Chk1 Phosphorylates Cdh1 to Promote SCFβTRCP-Dependent Degradation of Cdh1 During S-Phase

The interplay of the Anaphase-Promoting Complex/Cyclosome (APC/C) and Skp1-Cul1-F-box (SCF) E3 ubiquitin ligases is necessary for controlling cell cycle transitions and checkpoint responses, which are critical for maintaining genomic stability. Yet, the mechanisms underlying the coordinated activity of these enzymes are not completely understood. Recently, Cyclin A- and Plk1-mediated phosphorylation of Cdh1 was demonstrated to trigger its ubiquitination by SCFβTRCP at the G1/S transition.

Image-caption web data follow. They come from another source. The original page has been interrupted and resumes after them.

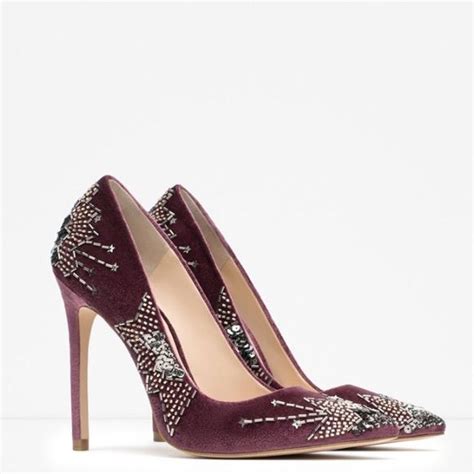 nib zara velvet embroidered embellished high heels nwt heels shoes women heels pretty heels
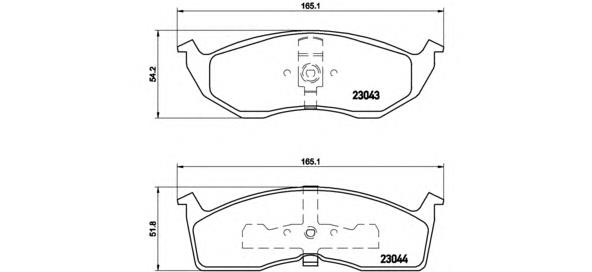 Klocki hamulcowe przednie tarczowe P11008 Brembo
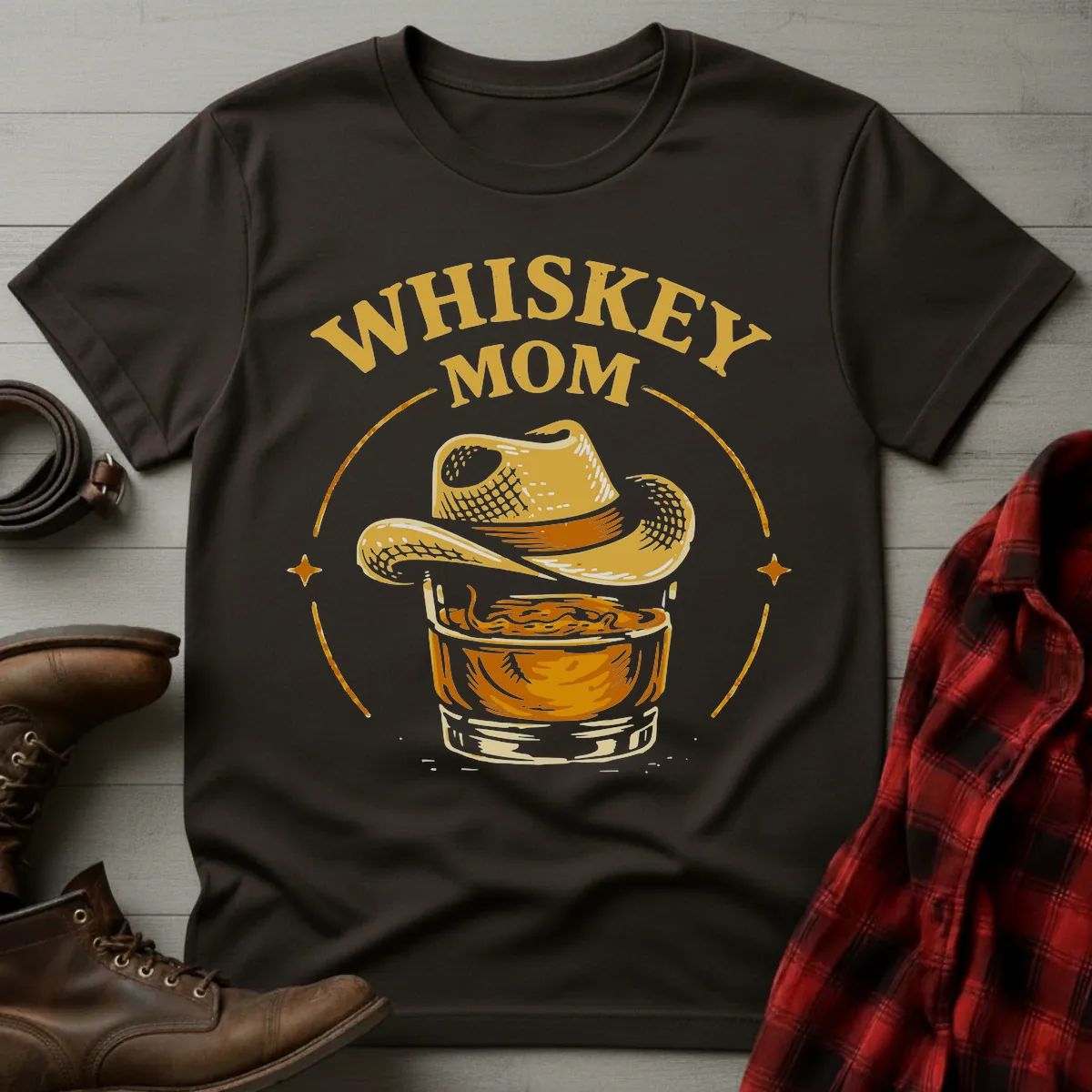 Whiskey Mom Cowgirl Glass T-Shirt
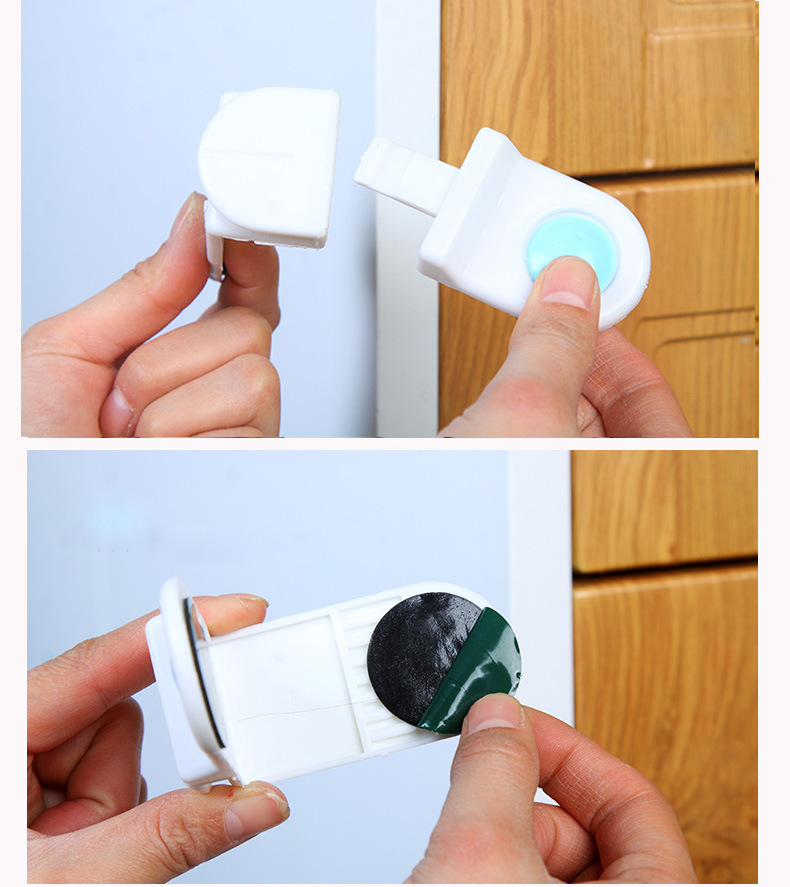 Baby Cabinet Door Refrigerator Lock Corner Safety Collision Angle Drawer Lock Anti-Clamp Hand Cabinet Door Lock Child Lock Two Pack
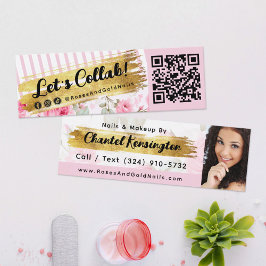 Shabby Blush Waterverf Rozen & Gold Influencer QR Mini Visitekaartje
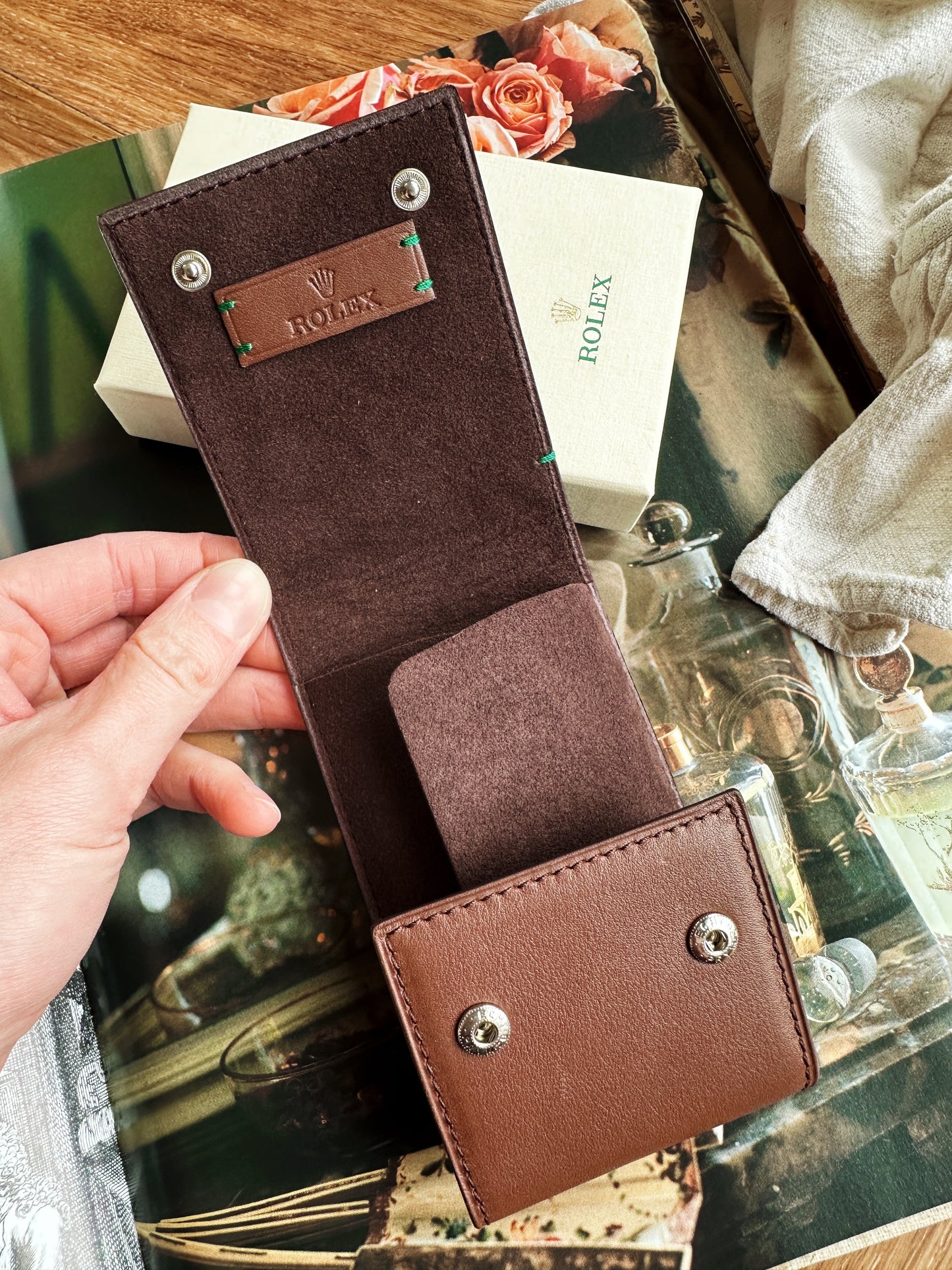 Rolex Marmot watch case in smooth hazelnut brown leather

However, Cyclin A-Cdk and Plk1 activities peak in G2 so it is unclear why Cdh1 is targeted at G1/S but not in G2. Here, we show that phosphorylation of Cdh1 by Chk1 contributes to its recognition by SCFβTRCP, promotes efficient S-phase entry, and is important for cellular proliferation. Conversely, Chk1 activity in G2 inhibits Cdh1 accumulation. Overall, these data suggest a model whereby the rise and fall of Chk1 activity is a key factor in the feedback loop between APC/CCdh1 and the replication machinery that enhances the G1/S and S/G2 transitions, respectively.